Surfer and climber Jeff Johnson is a not-well-known guy from California who is enthralled by the story of a very-well-known guy, Yvon Chouinard, the founder of Patagonia, the outdoor apparel company. Chouinard is a legend among rock climbers—he participated in some famous climbs in Yosemite and the Canadian Rockies in the 1960s, and with his blacksmithing know-how (and since he had no money), he made his own climbing tools and gear, which is how he started his business. Johnson unearths some footage of an adventure that Chouinard and his cohort Doug Tomkins took in 1968, involving mountain climbing and surfing to Chilean Patagonia. Johnson decides to re-create their trip. He goes to Mexico to join the crew of a ship headed toward Patagonia, and at some point they lose their mast and have to get it repaired. Johnson meets a woman who lives out in nature and is also a surfer, and presumably he spends a bunch of time banging her (unaddressed by this movie). She joins his adventure. Also, it turns out that Johnson is friends with Chouinard and Tomkins, and Chouinard and Tomkins have spent their lives working to buy up land in Chilean Patagonia and have already conserved an amount of land bigger than Yosemite, and later on in the movie they all go on a climb together.
Johnson’s “adventure” is the “story” that is supposed to make the story of Chouinard and what he has done in Chilean Patagonia come alive, but the adventure really just consists of some breathtaking images of nature and a whole lot of breathtakingly shopworn attempts at meaning. “These people have shown me that if you love a place, you have a duty to protect it. And to love a place, you have to know it first,” someone says, as if it’s never occurred to you that you can’t very deeply love a place you don’t know. Also, seeing a place mined of natural resources makes you think about consumerism (“I’m thinking of my own use of resources”). Also, nature is fragile “and we can no longer take it for granted.” Also, plopping a factory down in the middle of a bunch of wildlife is bad for wildlife. Also, the joy is in the journey. Also, sometimes in life you have to stop, take a 180-degree turn, and walk in the opposite direction (there is quite a long conversation about this).

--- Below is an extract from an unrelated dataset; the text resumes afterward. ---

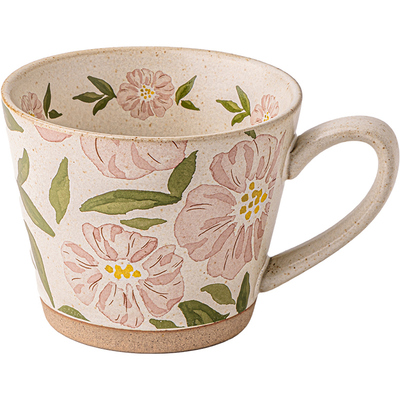 高级感马克杯精致花卉水杯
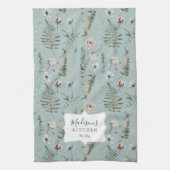 Blume und Fern Blätter Forest Floral Botanical Geschirrtuch (Vertikal)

In closing, two nice things: I enjoyed the music the filmmakers chose even if I didn’t understand its relevance to Chilean Patagonia (lots of Modest Mouse, some M. Ward, some Andrew Bird), and much of the scenery is gorgeous—surfers slicing through high green waves, a rock covered in penguins on a beach in Chile, silhouetted climbers against a silhouetted ridge, hella dolphins.

This review absolutely cheapens the important message (s) of the film. It is sad that the reviewer is too cynical or arrogant to appreciate them because they are not expressed as academically/intelligently/poetically as he/she would like. Every person in this film truly cares about the full-scale destruction of the planet through gross consumerism and infatuation with so-called modernity. Yes, Johnson sets out perhaps rather naively looking for adventure, but he is tougher and more real than most people you’ll meet sitting in a coffee shop reading the Stranger. He recognizes how superficial his intentions were, and is truly transformed by his experience. He understands the monumental effort of Conservacion Patagonica and SinRepresas, unlike this reviewer. The film is a MUST see.